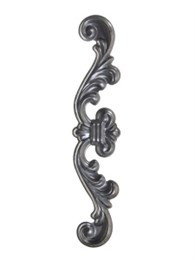 Накладка Волна (14,734,02-Т) штамповка Накладка Волна (14,734,02-Т) штамповка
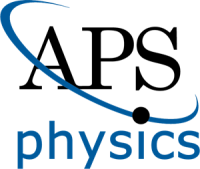 American physical society (aps physics)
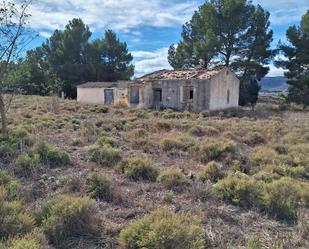 Land for sale in Villena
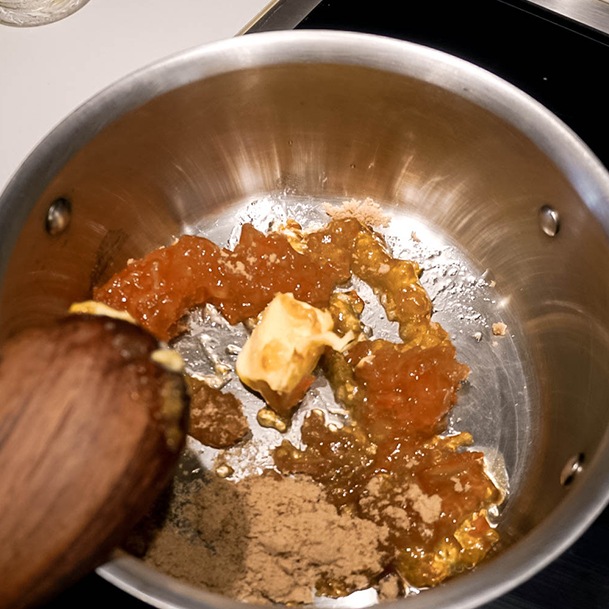 Flavorsome Orange Marmalade Glazed Candied Carrots Recipe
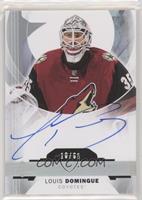 Premier Rookie Autograph - Louis Domingue #/65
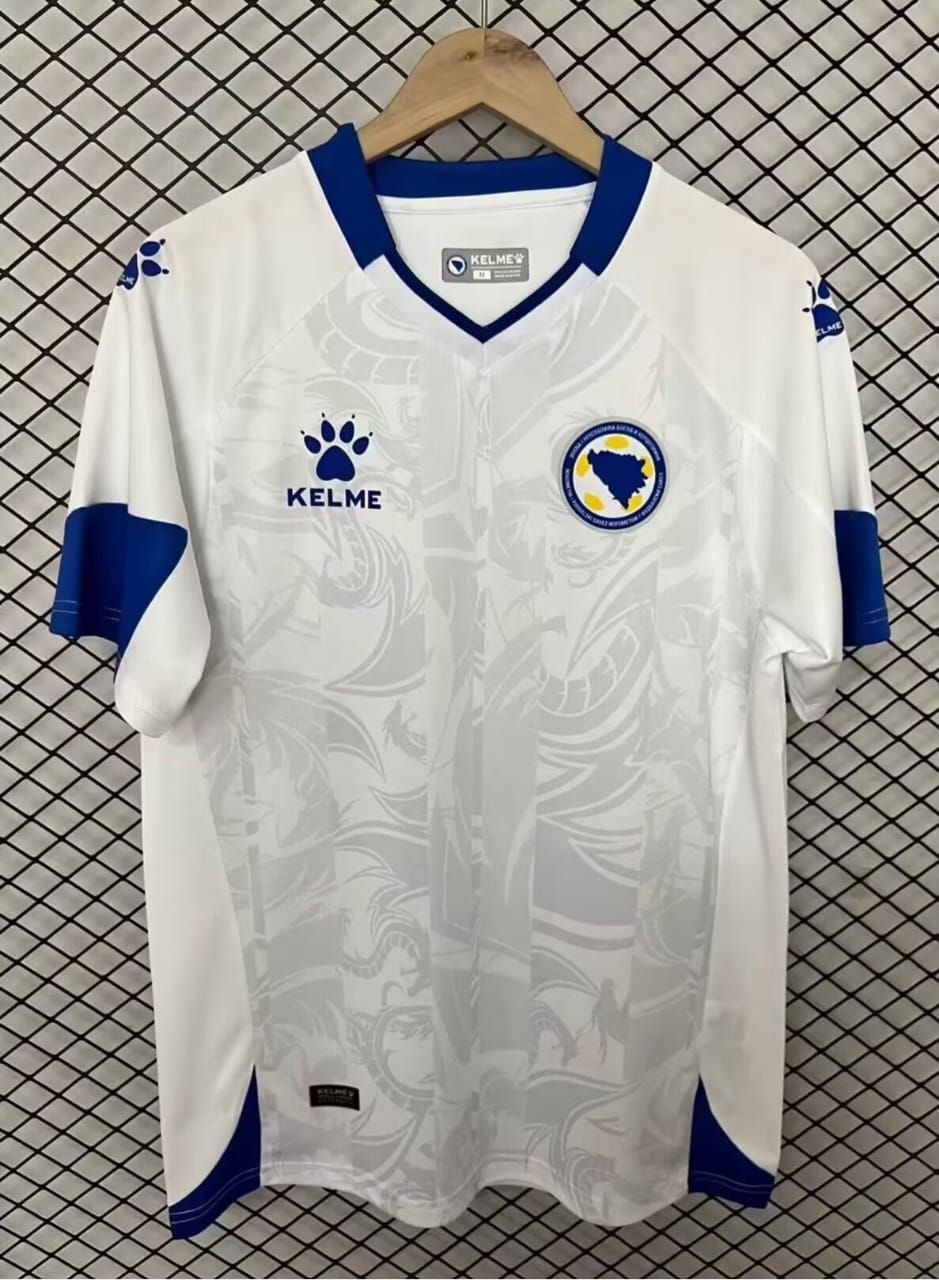 Bosnia Away Jersey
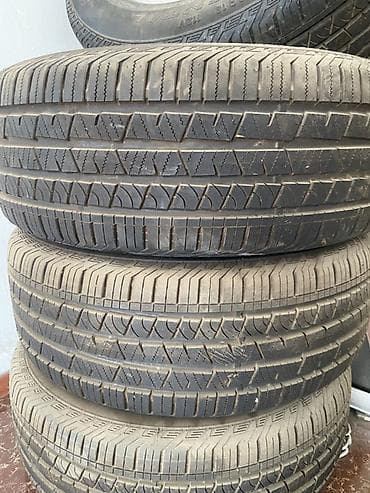 velar: Колеса в сборе 255 / 60 / R 18, Всесезонная, Комплект, Легковые, Литые, отверстий - 5 — 4
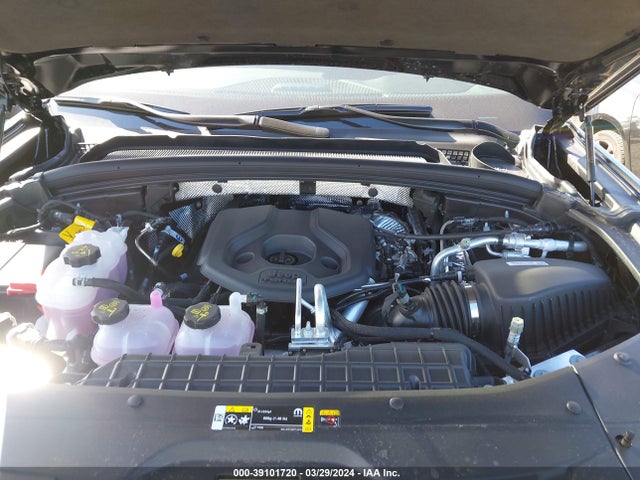 Jeep Grand Cherokee 4xe 2024 1C4RJYB69RC116538 Image 10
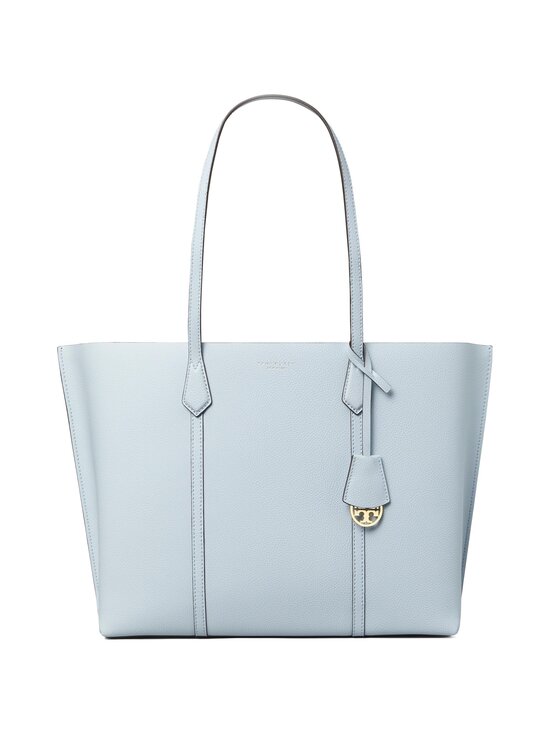 Perry Triple Compartment Tote -nahkalaukku
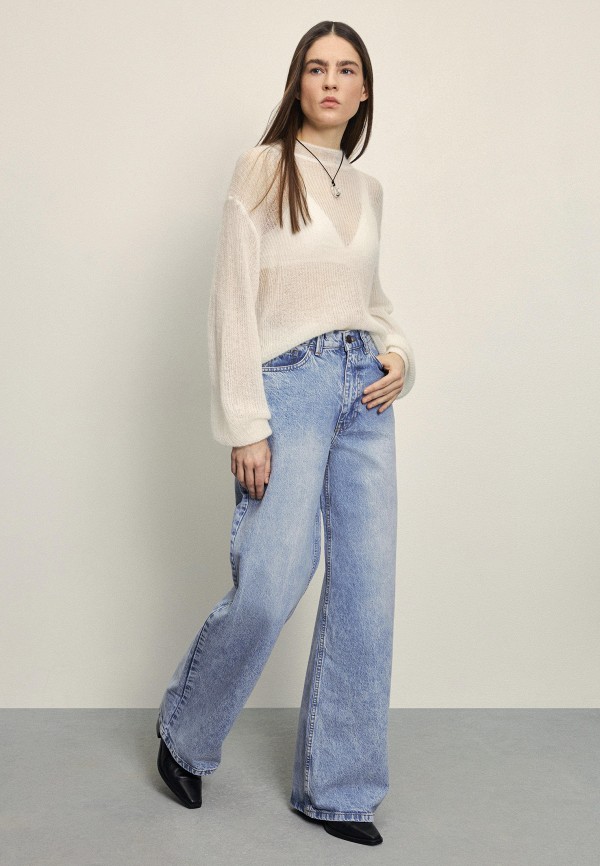 фото Джинсы zarina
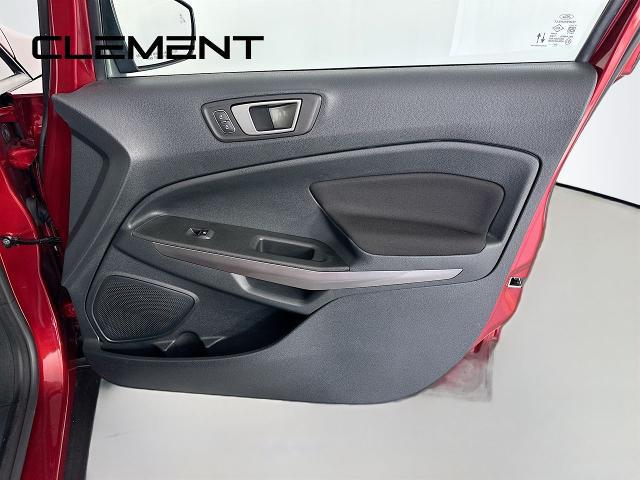 2021 Ford EcoSport SE
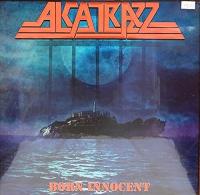 Виниловая пластинка Alcatrazz / Born Innocent (coloured) (Limited Blue Vinyl) (2LP)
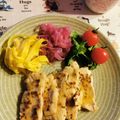 カバゴン's cooksnap of when they made 鶏むね肉のマスタードソース.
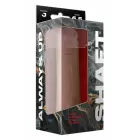 SHAFT Model J 6.5" Liquid Silicone Intimate Device Pine Dual Layer — Photo 1
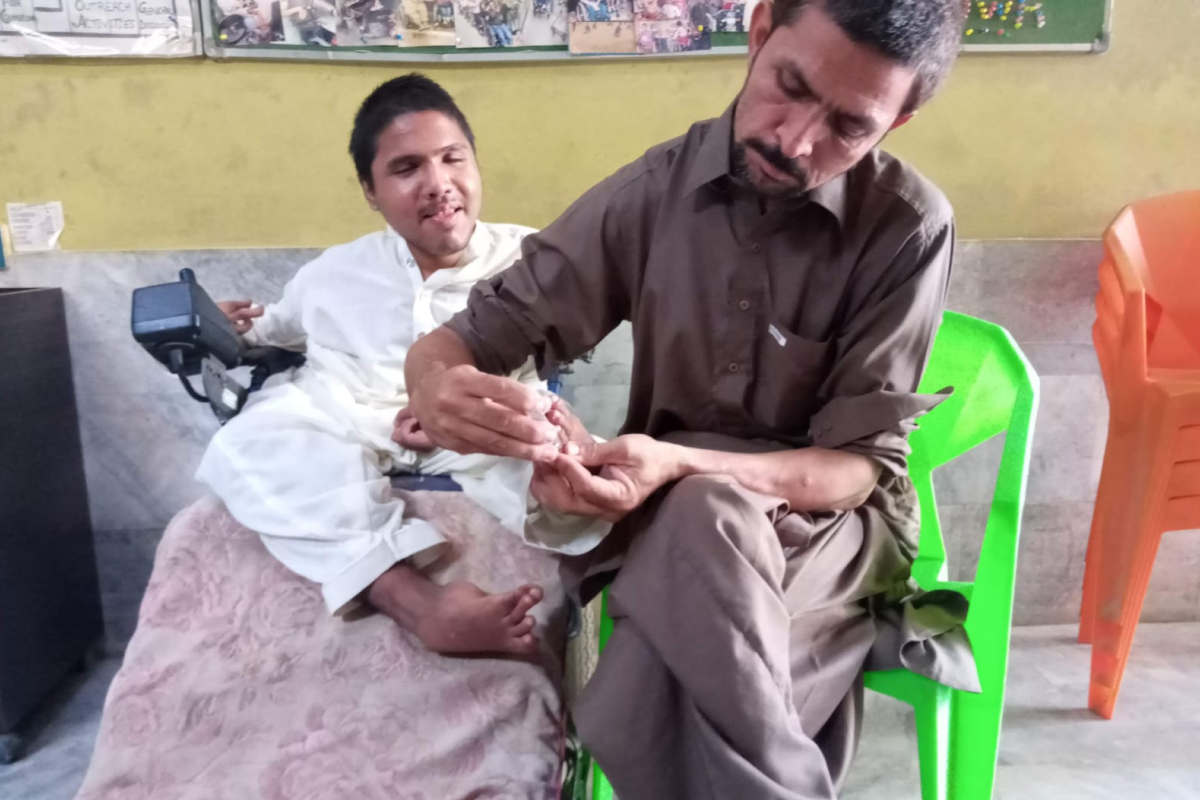 Personal Attendant Service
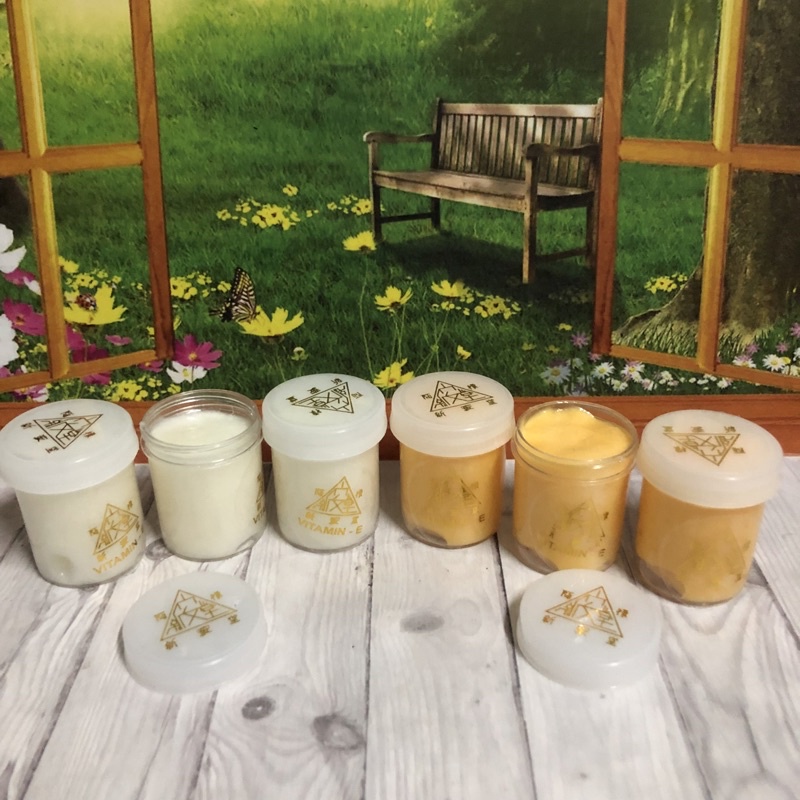 Cream Segitiga Vit E / Cream Wayang Ecer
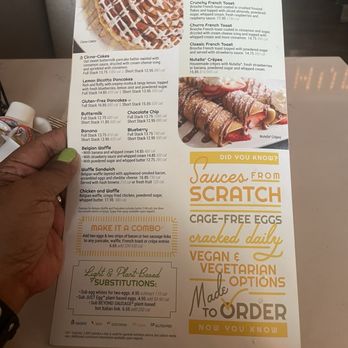 Broken Yolk Cafe - Even more menu - Breakfast & Brunch Near Me - San Diego, California Broken Yolk Cafe - Even more menu - Breakfast & Brunch Near Me - San Diego, California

- - - - - - -

▸ Task prompt
Omitting all pictures, set the listing down exactly.

▸ Completed exercise
 Накладка Волна (14,734,02-Т) штамповка Накладка Волна (14,734,02-Т) штамповка
 American physical society (aps physics)
 Land for sale in Villena
 Flavorsome Orange Marmalade Glazed Candied Carrots Recipe
 Premier Rookie Autograph - Louis Domingue #/65
 Bosnia Away Jersey
 velar: Колеса в сборе 255 / 60 / R 18, Всесезонная, Комплект, Легковые, Литые, отверстий - 5 — 4
 Jeep Grand Cherokee 4xe 2024 1C4RJYB69RC116538 Image 10
 Perry Triple Compartment Tote -nahkalaukku
 фото Джинсы zarina
 2021 Ford EcoSport SE
 Виниловая пластинка Alcatrazz / Born Innocent (coloured) (Limited Blue Vinyl) (2LP)
 カバゴン's cooksnap of when they made 鶏むね肉のマスタードソース.
 SHAFT Model J 6.5" Liquid Silicone Intimate Device Pine Dual Layer — Photo 1
 Personal Attendant Service
 Cream Segitiga Vit E / Cream Wayang Ecer
 Broken Yolk Cafe - Even more menu - Breakfast & Brunch Near Me - San Diego, California Broken Yolk Cafe - Even more menu - Breakfast & Brunch Near Me - San Diego, California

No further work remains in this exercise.